How did the United Methodist Church become so liberal?
One answer is the seminaries. Most ministers go to seminaries before they can be ordained.
Here are 5 of the most outrageous United Methodist Seminaries.
1. Iliff School of Theology in Denver
How is this school described? Well, one current staffer and alumna boasted, “The Iliff School of Theology is a United Methodist school of higher education but its alumni and students are Hindus, Universalists, Jews, Christians, Muslims, Buddhists, atheists, and agnostics”
How about the core values of a seminary training future ministers?
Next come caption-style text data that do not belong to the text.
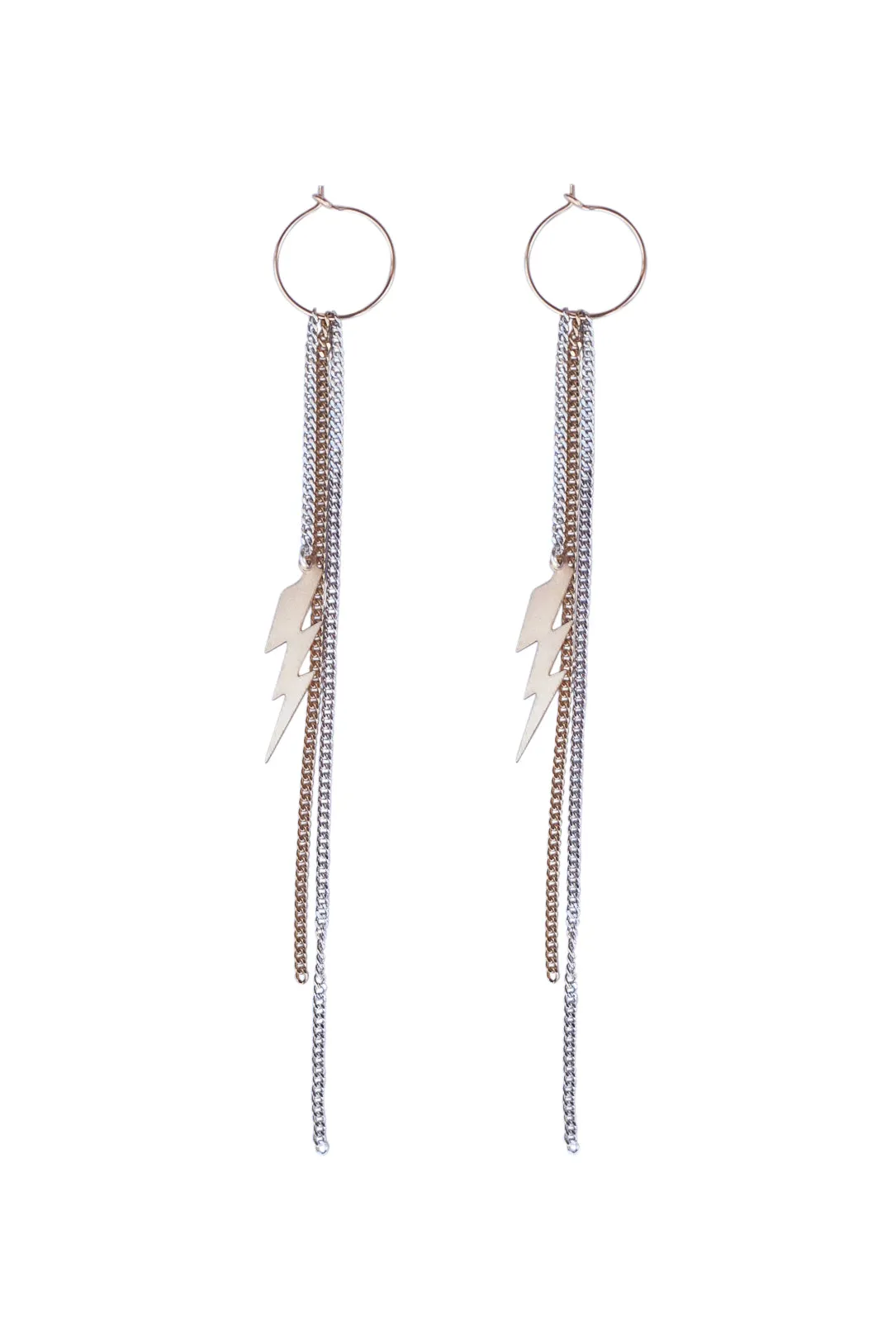 Lightning Chain Hoops- MORE metal options | SINGLE or PAIR
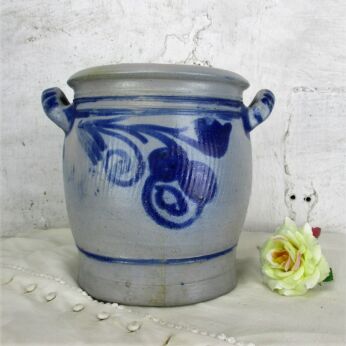 Antique French Stoneware Earthenware Crock Jar Lard Cobalt gray Decorative 9.05"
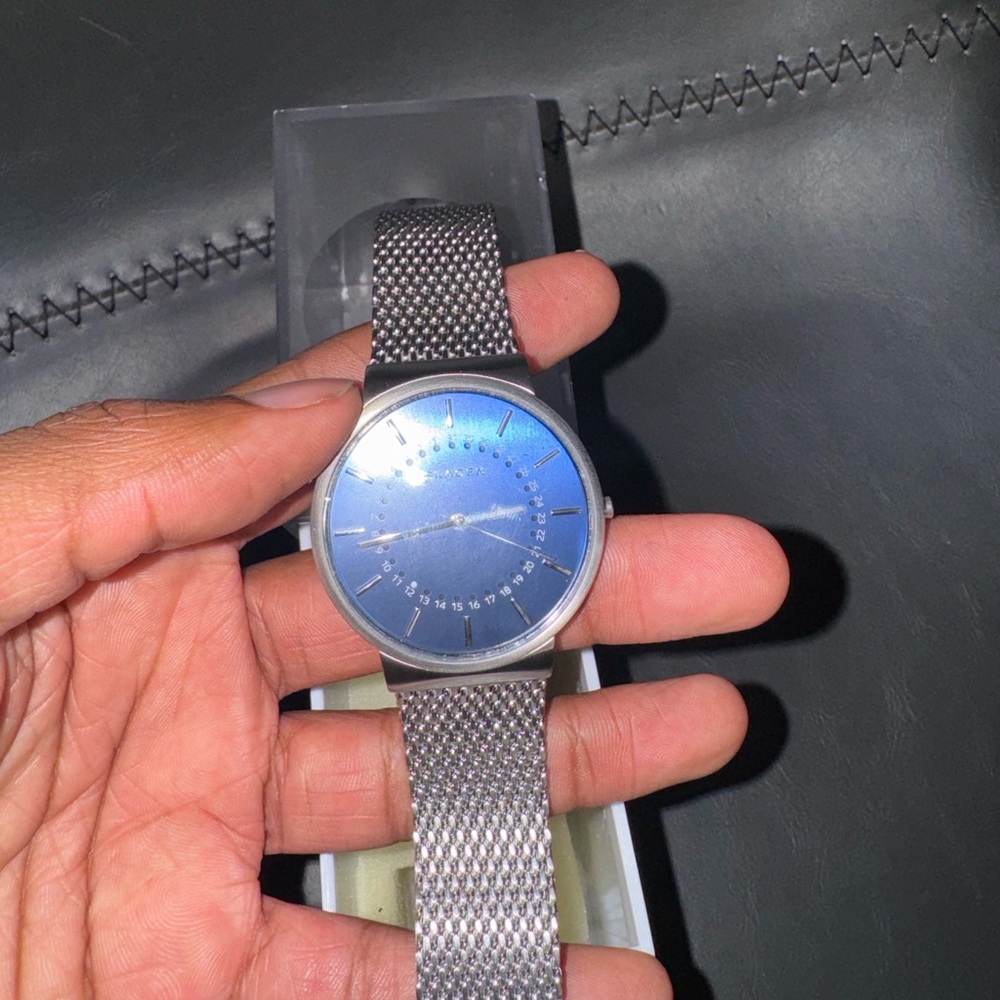SKAGEN, blue & silver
The seminary has declared that support for LGBTQIA+ liberationist ideology “is a core value at Iliff” and reported that since 2015, “35% of our student body has consistently identified as LGBTQIA+.” The seminary has offered an entire course devoted to “Queer Spirituality in the Visual Arts,” allowing students to explore such topics as “Queer Tarot.”
In the 2021–2022 academic year, Iliff publicly celebrated the election of
two out of five student government leaders who are openly neo-pagan. According to their bios, one worked for “an inclusive Wiccan Church” and the other worked for and was an “initiate” of “the Firefly House in Washington DC—an organization for Wiccans, witches, polytheists, and other magic workers.”
Iliff offered an entire course on “Social Justice in Western Earth-Honoring Traditions,” which promised to promote social justice “through the lenses of various modern, Western earth honoring traditions, such as: goddess spirituality/Wicca.”
One current staffer boasts in her official bio that she “is ordained with a Norse pagan organization called Forn Sidr of America and serves as their Gudellri/head clergy.”
Iliff celebrates one alumna serving as a chaplain affiliated with the American Humanist Society, and elsewhere profiles a current professor who “now describes himself as a ‘lapsed Buddhist,’ and a current atheist.”
2. Drew University Theological School
Professor Melanie JohnsonDebaufre denied biblical authority, using one lecture to urge church people to, “Invite Paul to be a conversation partner, not one who tells us what to do.”
In 2021, Drew University Theological School hired Dr. SofĂa Betancourt, an ordained UU, as Associate Dean for Academic Affairs, touting how her “scholarship and teaching in womanist, Latina feminist and mujerista,
and environmental theoethics resonates deeply with Drew’s mission and shared values.”
3. Claremont School of Theology
Claremont’s president declared that Christians who feel compelled to evangelize adherents of non-Christian religions have “an incorrect perception of what it means to follow Jesus.” The United Methodist seminary still offers its own degree program in “Islamic Chaplaincy.
For years, Claremont has trained Muslim imams to lead and promote the Islamic religion in North America.
4. Candler School of Theology.
After the denomination officially forbid “self-avowed practicing homosexual” ministers, the official response of this seminary was, “For more than a decade, Candler’s Methodist Studies Program … has operated a placement service for UMC LGBTQIA+ persons whose home annual conferences will not ordain them,” helping them find “conferences that will ordain them.”
5. Duke Divinity School
This school had some of the most shocking displays of paganism and heresy I’ve found.
Divinity Pride, a student group affirming the “dignity, faithfulness, and strength of Lesbian, Gay, Bisexual, Trans, Queer/Questioning, Intersex, Asexual, and gender/sexuality non-conforming Christians,” sponsored a service in which many students devoted an entire worship service to claiming God’s support for LGBTQ ideology and relationships and Prayed to “the Great Queer One.”
“Strange one, fabulous one, fluid, and ever-becoming one,” prayed one Master of Divinity (M.Div.) student in opening the service. She stated that God is “mother, father, and parent” and “drag queen, and transman, and gender-fluid.” Another M.Div. student declared that God is a “queer God” who loves “every part of us.” Another, a self-identified trans woman, defended gender transition as biblical, offering a strained, transgenderist interpretation of Jacob’s wrestling with God in Genesis 32.
Dr. Robyn Henderson-Espinoza is a self-described “non-binary transqueer Latinx,” prominent activist, and a Duke Divinity consulting professor who uses “they/them” pronouns. In 2021, Henderson-Espinoza delivered an invited lecture at Boston University School of Theology, another UMC seminary, linking “white supremacy and capitalism and violence,” and attacking not just racism but “whiteness” as something that “breeds scarcity and breeds a kind of selfishness.”
In a NPR interview, Rev. Dr. Amy Laura Hall, associate professor of Christian Ethics and Gender, Sexuality, and Feminist Studies at Duke Divinity School, demonized conservative United Methodists. She broadly suggested that supporters of the UMC banning non-celibate gay clergy were guilty of unforgivable sin, denouncing this policy as “a sin against the Holy Spirit.”